Danish wind turbine company Vestas will soon have nearly 50 engineers in a new design centre in Chennai (first of its kind for Vestas globally) to help the company identify the right project sites globally to install wind mills.

Engineers will remotely perform various statistical analyses using wind patterns from a device installed at the site to know whether a site is suitable for installation of wind turbines or not. At present, engineers physically select the sites, said Morten Rasmussen, Vice-President, People & Culture ASP, Vestas.

“We are creating a global wind and siting (location) team out of Chennai. This is going to be a core team to monitor wind speed to create most optimal product and solution to develop a power plant at a particular site. Engineers will monitor the site and study various data. This is to be a done on a global level from here,” he told BusinessLine . The team should be in place by year-end.

Wind, site evaluation

Before installing a turbine, a met mast is installed to collect wind data and analysis is done for a long period of time to see how the wind is moving. This analysis will be critical to decide the location. Along with engineers, a number of data analysts will be involved in the new design centre in Chennai, he said.

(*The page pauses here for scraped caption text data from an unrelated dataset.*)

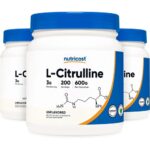 Nutricost Pure L-Citrulline (Base) Powder (600 Grams) (3 Bottles)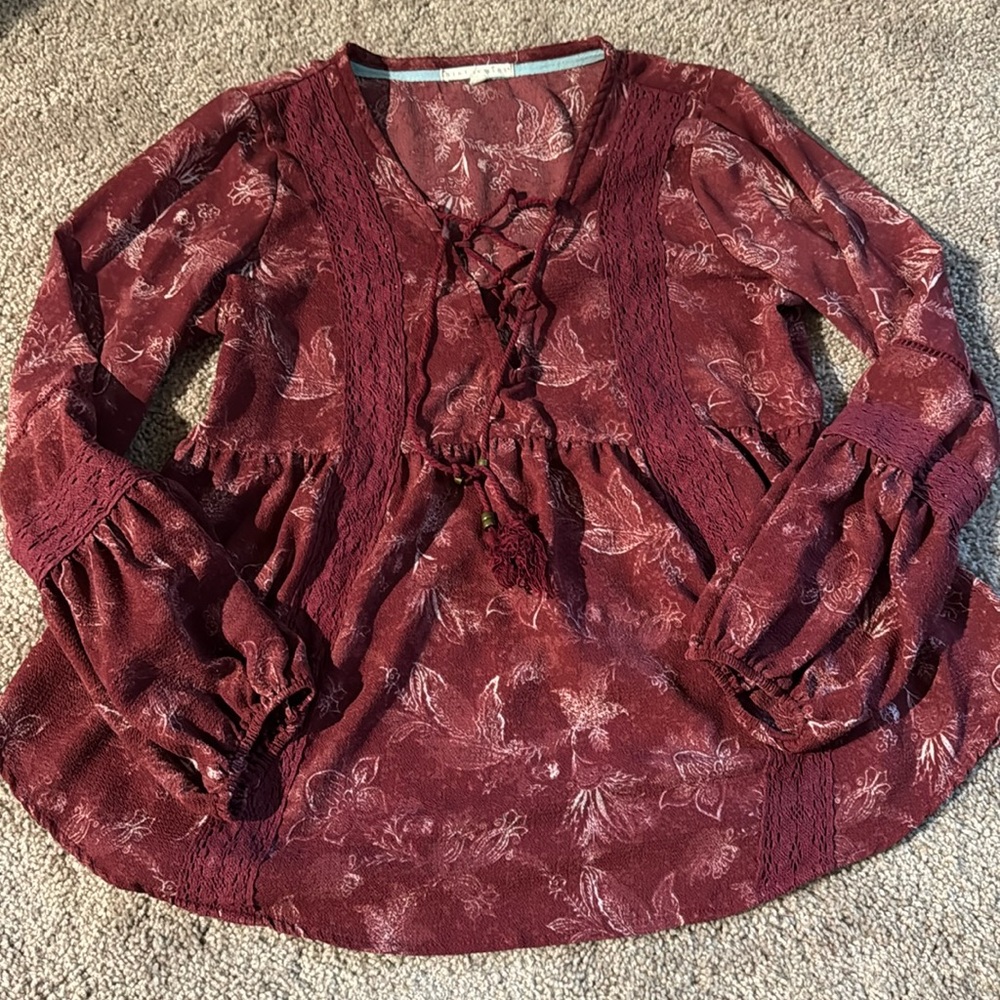 💜 3 for $10 Women's Burgundy Blouse with Floral Pattern
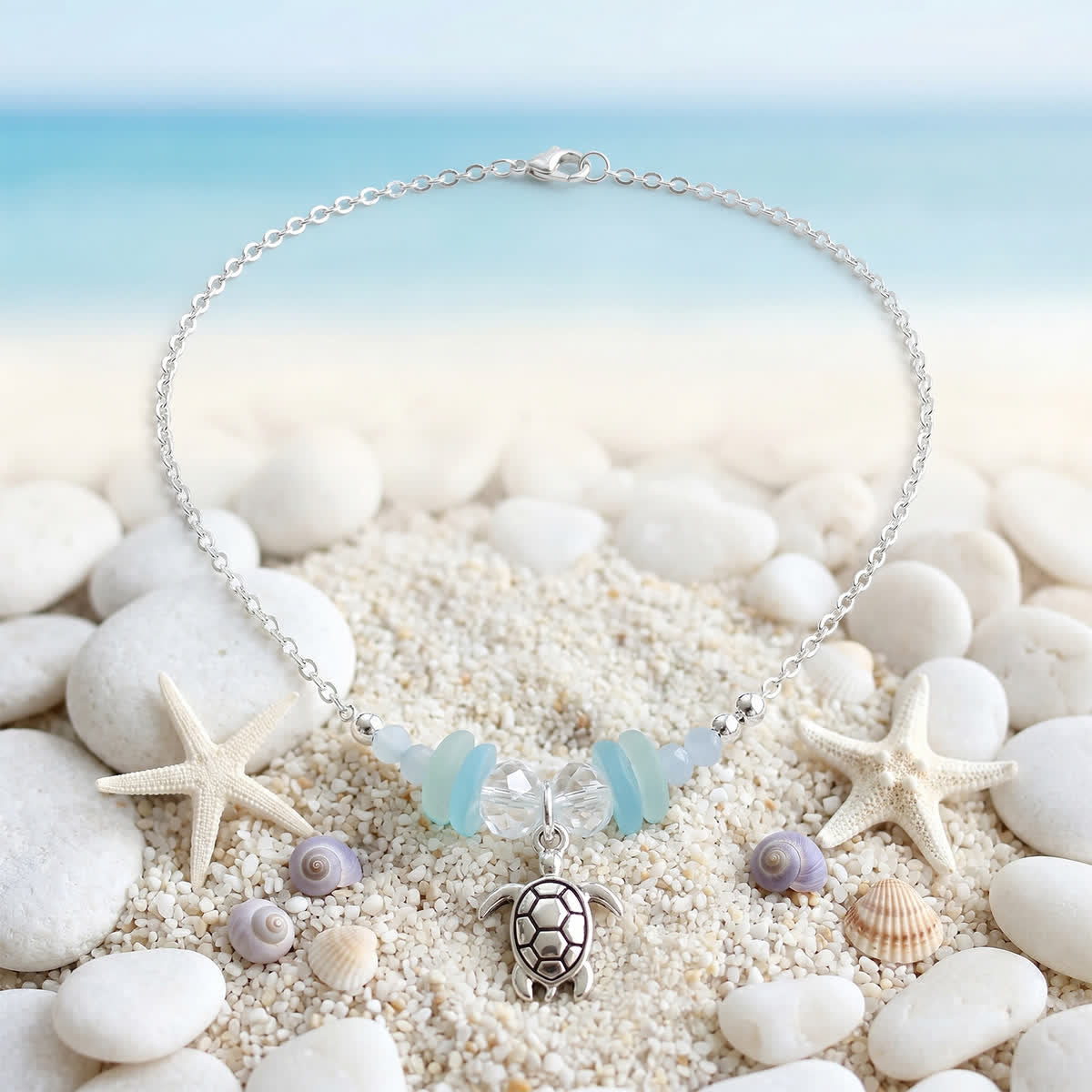Ocean Breeze Turtle Charm Sea Glass Necklace - image 3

Wind and site evaluation is a critical step in wind power plant sales process. As a wind and site engineer, the person will play a key role in identifying and quantifying technical risks of wind power projects, and generating and capturing value through innovative customised technical solutions. The engineer will focus on value adding high quality statistical analysis and project layout design, load assessments, and associated customer support, he said.

For Vestas, nearly 10 per cent of its 23,000 strong global workforce is in India.

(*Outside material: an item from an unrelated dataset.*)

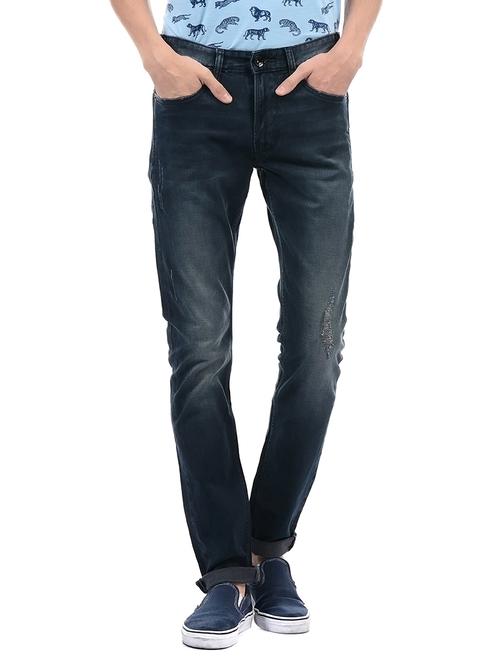 blue cotton washed jeans - 14542116 - Very Small Image - 1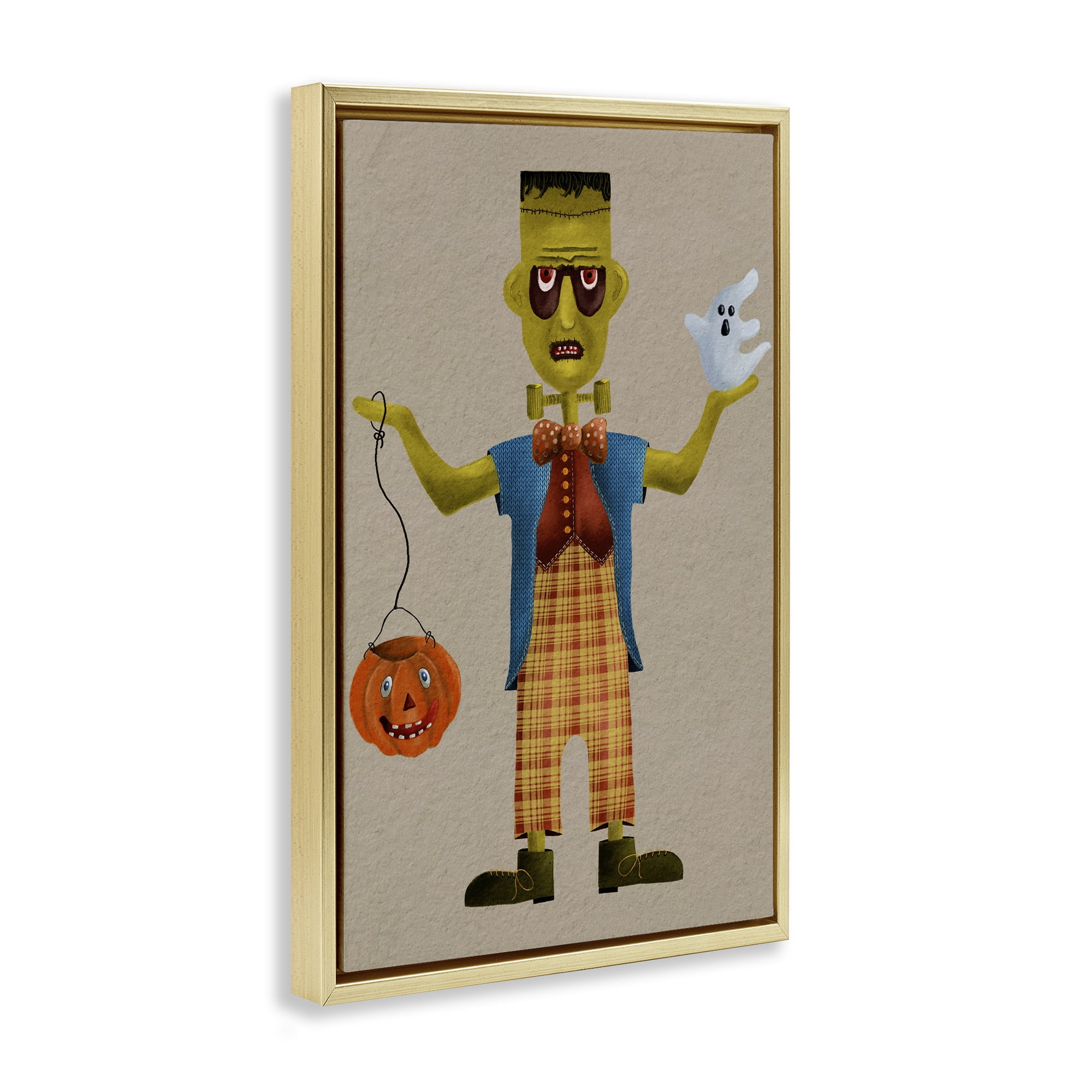 Stupell Industries Halloween Monster & Ghost Holiday Painting Gold Floater Framed Art Print Wall Art, 21 x 31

Chennai is critical for Vestas due to presence of the company’s largest R&D facility outside its headquarters in Denmark, and one at Portugal. Chennai also has the company’s ‘nacelle’ — that houses all of the generating components in a wind turbine, including the generator, gearbox, drive train, and brake assembly — manufacturing unit, an R&D test centre, global operations and shared services and a large training centre with digital simulators to train technicians, he said.

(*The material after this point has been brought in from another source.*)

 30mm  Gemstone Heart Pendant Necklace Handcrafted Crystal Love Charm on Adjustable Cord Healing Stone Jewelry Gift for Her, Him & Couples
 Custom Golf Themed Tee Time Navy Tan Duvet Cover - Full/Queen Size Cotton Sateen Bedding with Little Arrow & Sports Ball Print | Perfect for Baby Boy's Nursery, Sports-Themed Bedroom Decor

Vestas, which is present in India since 1997, has two entities — Vestas Wind and Vistas Technology. It has over 400 customers in India and has an installed base of 2204 MW.

Vestas has a manufacturing facility for wind turbine ‘hub’ at Oragadam; for blades in Ahmedabad and a repair centre in Coimbatore, he said.

In the next 24 months, “We plan to add 50 per cent more employees to reach a total employee strength of nearly 3,500. We aim to be a true talent magnet to deliver new and future elements in wind energy and in alternative energy markets. We are looking at combining hybrids [wind, solar and storage]. To do this, we are looking at adding the right level of talentin India,” he said.